Don't Miss It- Family

Dec 7, 2025

This message challenges us to navigate the complex reality of family life with both grace and truth, acknowledging that our experiences often fall short of the ideal while still celebrating what could be. We're invited to develop a crucial skill: accepting what's real without abandoning hope for what's possible. The sermon draws from powerful biblical examples—from Adam and Eve to King David—reminding us that even Scripture's heroes had deeply dysfunctional families. Yet Jesus modeled something revolutionary: He pointed to the ideal without being idealistic, showing us how to hold high standards while extending radical grace. The story of the woman caught in adultery illustrates this beautifully—Jesus didn't lower the standard, but He took her story into account, refused to condemn her, and invited her toward transformation.
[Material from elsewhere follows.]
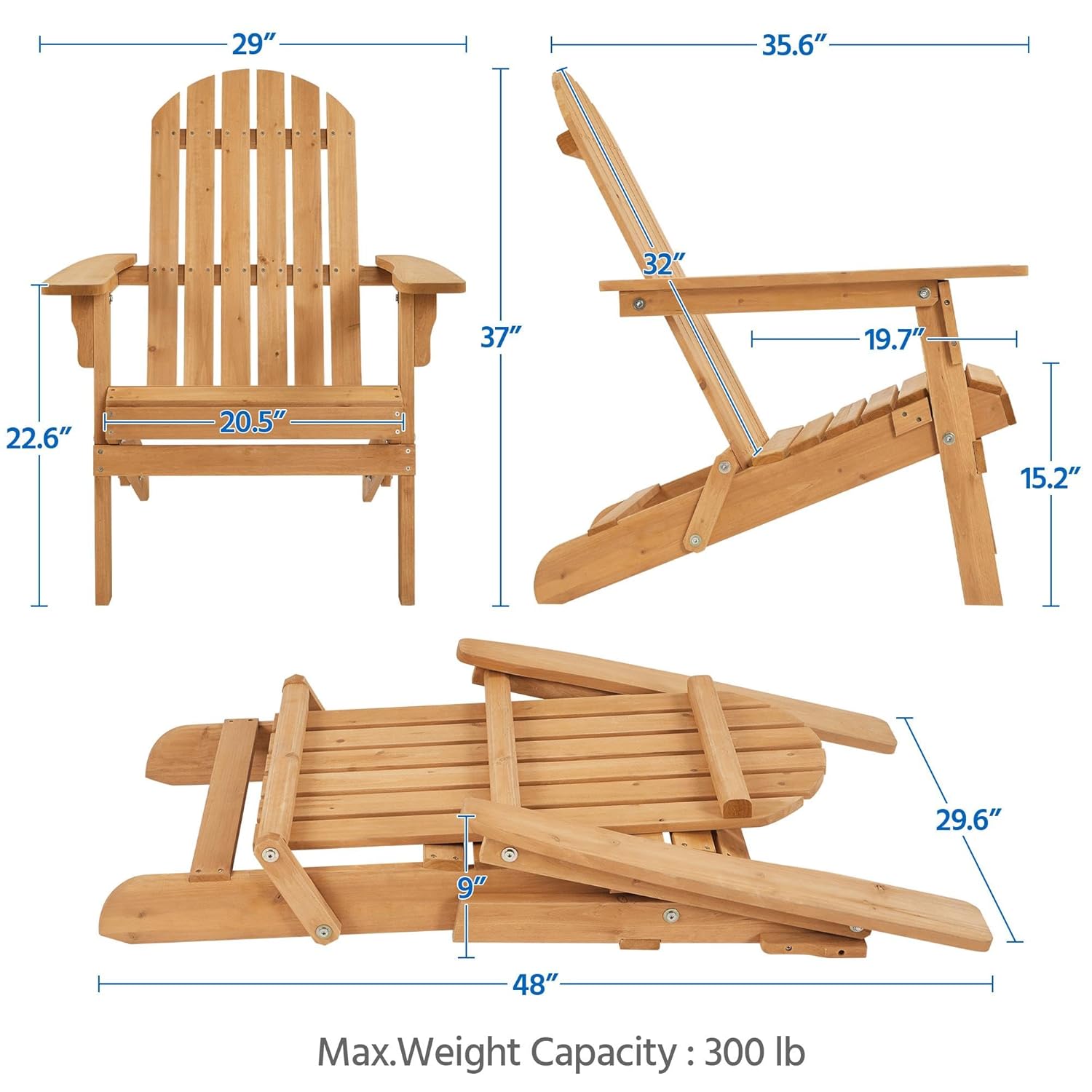 접이식 아디론닥 의자 2개 세트(야외용), 300LBS - Outdoor Furniture Fire Pit Set 리뷰 및 가격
We're called to replicate this same approach in our own families, practicing mutual submission as described in Ephesians 5, where both spouses position themselves to put the other first. The practical wisdom offered includes ten powerful reminders: don't miss the now, don't miss your marriage, don't miss being a parent, don't miss dinner (which is about connection, not just food), don't keep score, invest in shared experiences, resist the lone wolf mentality, pursue reconciliation while there's still time, focus on what remains rather than what's lost, and invest in the next generation. This isn't about achieving perfection—it's about following Jesus' example of sacrificial love, even when outcomes aren't guaranteed, and transforming our deepest pain into redemptive purpose.


The sermon defined submission in marriage as 'positioning yourself to put your spouse first' rather than giving up power or authority. How does this definition change your understanding of biblical submission, and what would it look like to practice this kind of mutual submission?
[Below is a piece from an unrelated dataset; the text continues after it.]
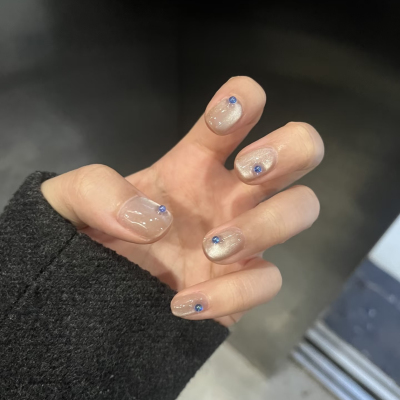 包邮深海蓝色珠光炫彩极光气泡珠子人鱼泪珠搭配半透日式美甲饰品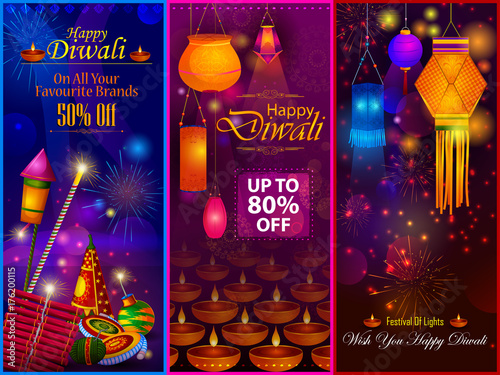 Happy Diwali light festival of India greeting advertisement sale banner background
Pastor Delmer stated that 'scorekeepers always lose' when discussing family relationships. What past hurts or offenses are you still keeping score of, and what would it take to release that scorecard to God?


The message emphasized investing in shared experiences rather than material things because experiences create lasting memories. What shared experience could you prioritize with your family in the coming months that would strengthen your relationships?


Romans 12 says 'if it is possible, as far as it depends on you, live at peace with everyone,' acknowledging that sometimes peace isn't possible. Is there a relationship where you need to take the first step toward reconciliation, even without guarantees of the outcome?


The final point encouraged not missing the next generation, suggesting that your deepest sorrows can be redeemed by investing in young people who need role models. How might God want to use your past pain or present circumstances to bless and mentor the next generation?